ただいま、チームで取り合い中。



「は?飛葉って…くっ、前みたいに“(つき)”って呼んでくれよー!!」

「ちょっ、おま…くっつくな!」


俺の方へとズカズカ歩いてきたかと思いきや、拗ねたようにポカポカ腕を叩いてくる。地味にいてぇし!


「…飛葉 皐月、か」

「ん?お前、オレのこと知ってんの?」


独り言のように呟いた霧の言葉を、すかさず聞き取って質問として問いかける飛葉。霧は飛葉を…何故か、敵視するように見ている気がした。

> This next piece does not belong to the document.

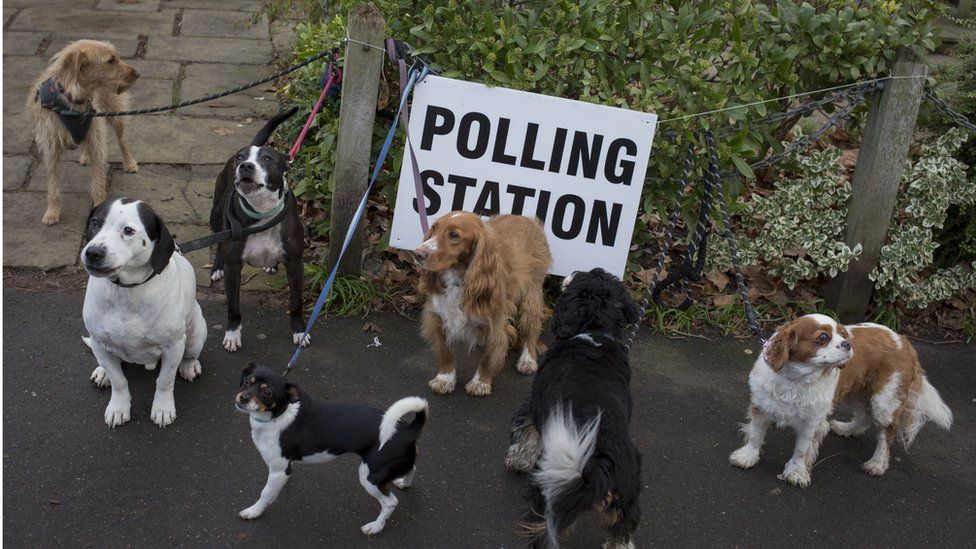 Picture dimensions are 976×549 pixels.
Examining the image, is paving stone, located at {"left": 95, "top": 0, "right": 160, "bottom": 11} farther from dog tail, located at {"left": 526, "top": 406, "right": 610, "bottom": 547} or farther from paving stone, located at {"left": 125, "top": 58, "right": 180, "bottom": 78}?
dog tail, located at {"left": 526, "top": 406, "right": 610, "bottom": 547}

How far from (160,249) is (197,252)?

「名前だけ、ね。気まぐれ気分屋な暴れん坊2年生ってことは聞いてるよ」

「おい、変なこと言うんじゃねぇ!そこは元気が取り柄な天才ムードメーカーだろ!」

「それ本気で言ってる…?」


霧が嫌味っぽく…って、なんかいつもとキャラ違うくね?
いつも穏やかで優しい霧だけど、もしかしたらコイツと相性が悪いのかもしれない。タイプ真逆だし…。

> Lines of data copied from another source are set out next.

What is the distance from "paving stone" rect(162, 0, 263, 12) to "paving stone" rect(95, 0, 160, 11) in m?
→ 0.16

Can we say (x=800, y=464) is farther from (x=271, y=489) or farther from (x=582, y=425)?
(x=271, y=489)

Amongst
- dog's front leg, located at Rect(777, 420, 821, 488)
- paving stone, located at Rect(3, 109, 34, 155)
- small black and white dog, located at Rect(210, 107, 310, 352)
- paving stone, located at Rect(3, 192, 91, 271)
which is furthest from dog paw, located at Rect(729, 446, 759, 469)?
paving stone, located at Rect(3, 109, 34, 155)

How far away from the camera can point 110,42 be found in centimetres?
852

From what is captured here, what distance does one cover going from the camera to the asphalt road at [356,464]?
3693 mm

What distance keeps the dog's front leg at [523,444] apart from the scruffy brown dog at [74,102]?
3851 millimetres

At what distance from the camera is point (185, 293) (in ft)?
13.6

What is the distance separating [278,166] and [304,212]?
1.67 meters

「てか、ザクから離れてくれる?今俺がザクと話してるんだけど」

「ザク…?は、お前真のことザクって呼んでんの!?」

「そうだけど何か?」

「お前っ……真のチームメイトでもねぇくせに!」


うわ…バチバチすぎるだろ。てか飛葉、お前チームメイト気取りしてるけど違うからな?
だけどこの空気感の中、発言する勇気はないので…心の中でそうツッコむ。


「…あぁ、その話をしたかったんだ」

「え、その話って…」


霧は、俺のことを真正面から見る。その視線は強くて、何か決意を秘めているようで……
何を言い出すのかと思えば、俺の頭を更にこんがらがらせる爆弾発言だった。


「ザクは覚えてないかもしれないけど……俺たち、チームメイトだったんだよ?」


そう言って、彼は不敵に笑ってみせた。